## [TRY IT]
Could you output each line below precisely as it stands, without the images?

## [GIVEN DATA]
++++++++++++++++++++
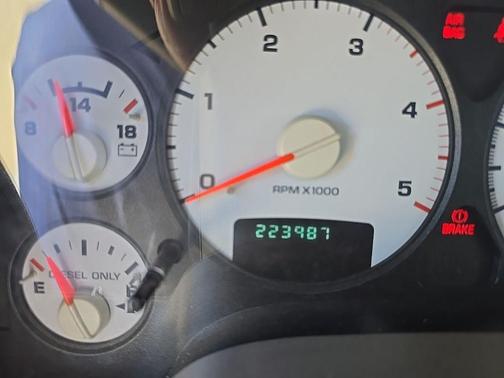 Green 2004 Dodge Ram 2500 ST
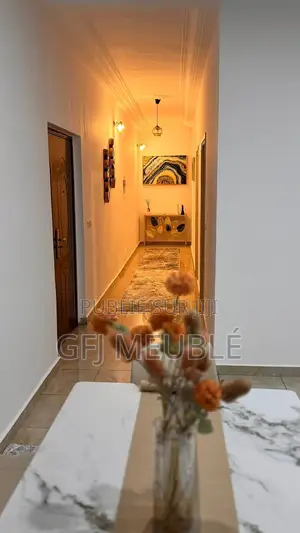 Meublé 2chbre Appartement dans Gfj Meublé, Cocody à Louer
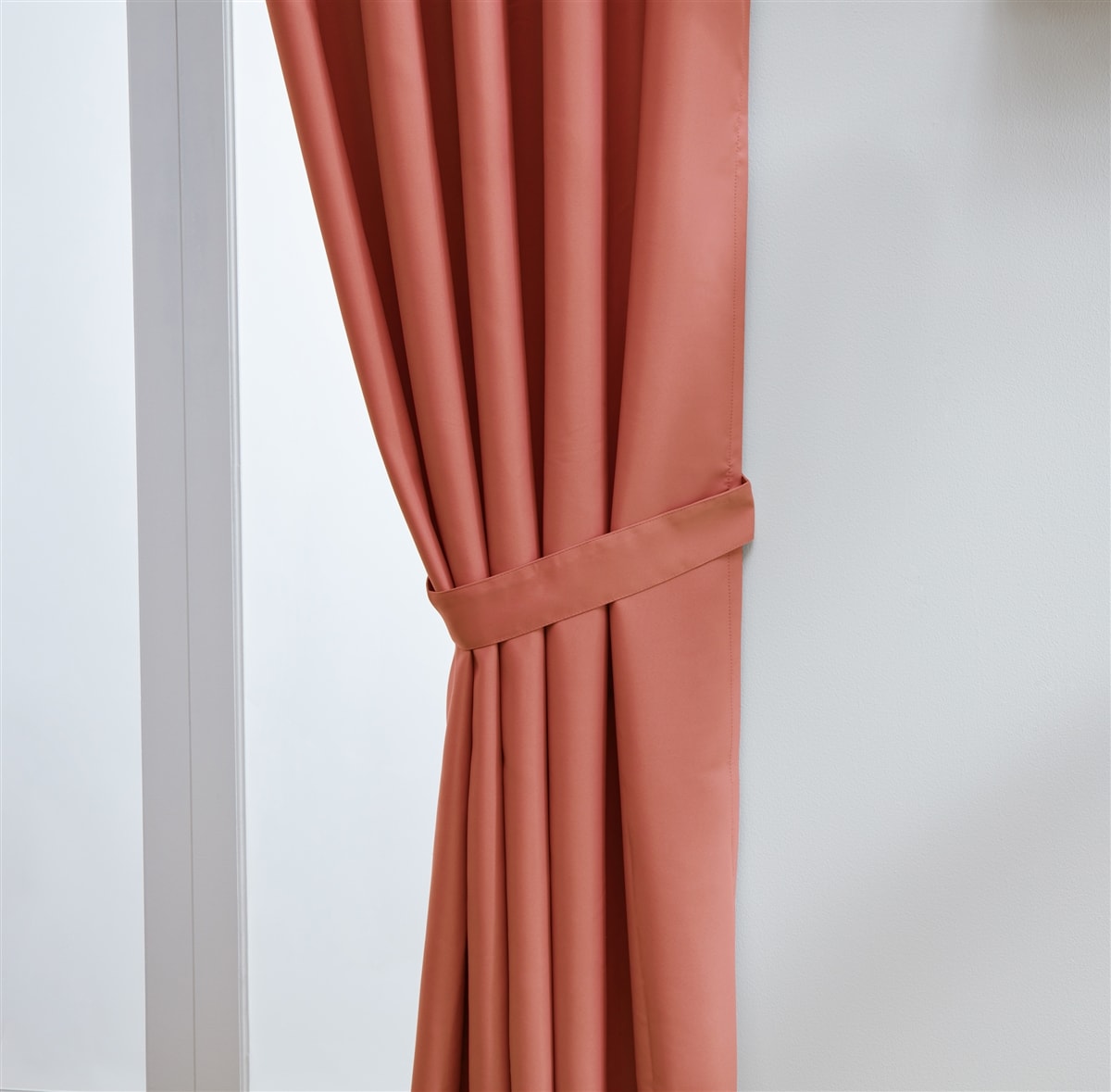 Thermal Blackout Ready Made Eyelet Curtains + Tie Backs (Coral)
++++++++++++++++++++
## [ANSWER BOX]
 Green 2004 Dodge Ram 2500 ST
 Meublé 2chbre Appartement dans Gfj Meublé, Cocody à Louer
 Thermal Blackout Ready Made Eyelet Curtains + Tie Backs (Coral)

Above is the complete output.